Nie bylibyśmy jednak sobą, gdybyśmy nie namawiali Was do odrobiny szaleństwa, czyli wyjścia poza utarte schematy i złamania przedstawionej wyżej zasady. Czasem trzeba sprzeciwić się przyjętym konwencjom i porzucić bezpieczną strefę komfortu. Tylko w ten sposób uda się stworzyć nową jakość, coś oryginalnego i niepowtarzalnego. Co powiecie na następujący „duet”: tapeta w kratę i dekoracje z florystycznym albo pasiastym deseniem? Naszym zdaniem, brzmi świetnie. Powstaje pytanie: jak je ze sobą „pogodzić” i nie popełnić przy tym designerskiego błędu? Czym kierować się przy dobieraniu poszczególnych ozdób i dodatków? Ciekawym „ogniwem” spajającym aranżację w harmonijną całość może być na przykład kolor, jedna dominująca barwa „powtarzająca się” w pozostałych elementach wystroju. Istnieje też inne rozwiązanie – ta sama tapeta, kratka w identycznych rozmiarach, lecz różnych odcieniach. Przedstawiony „trik” przydaje się w sytuacji, gdy chcemy wydzielić strefy w pomieszczeniu, na przykład połączyć sypialnię rodziców z miejscem odpoczynku dla nowo narodzonego członka rodziny.
Opisywany wzór doczekał się na przestrzeni lat wielu różnych odmian. Mamy:
Tartan, czyli szkocką kratę – deseń tworzą symetrycznie rozłożone barwne paski (najczęściej czerwone, zielone i białe, niekiedy również granatowe) krzyżujące się pod kątem prostym. Motyw ten świetnie sprawdzi się w stylu angielskim.
Pepitkę – niepozorny, drobny, powykrzywiany wzór znakomicie odnajdzie się w stylu nowoczesnym. Minimalistyczna tapeta, krata – szara lub czarna z elementami bieli - będzie doskonałym „tłem” dla monochromatycznych grafik i zdjęć.

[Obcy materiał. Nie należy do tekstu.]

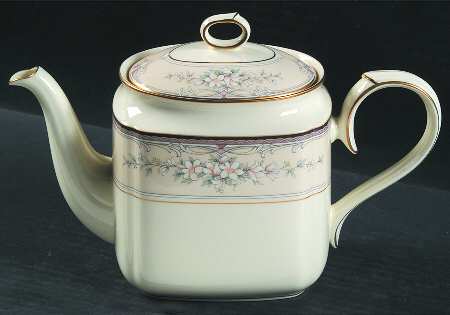 Churchill Teapot & Lid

Kratkę angielską (burberry) – symbol nieprzemijającej elegancji. Dodaje wnętrzom szyku, a jednocześnie je ociepla. Wspaniale dopełni rustykalną estetykę.
Kratkę gingham (vichy) – występuje w kilku wariantach kolorystycznych. Jest prosta, stonowana, ale uwaga: stosowana w nadmiarze zdominuje przestrzeń. Pasuje do aranżacji retro inspirowanych Francją.
Warto zwrócić uwagę na fakt, iż tapeta w kratkę to dekoracja dość uniwersalna. Można ją wykorzystać przy urządzaniu różnego rodzaju pomieszczeń – od korytarza poczynając, a na pokoju dziecięcym kończąc. Liczy się umiar i wybór odpowiednich kolorów.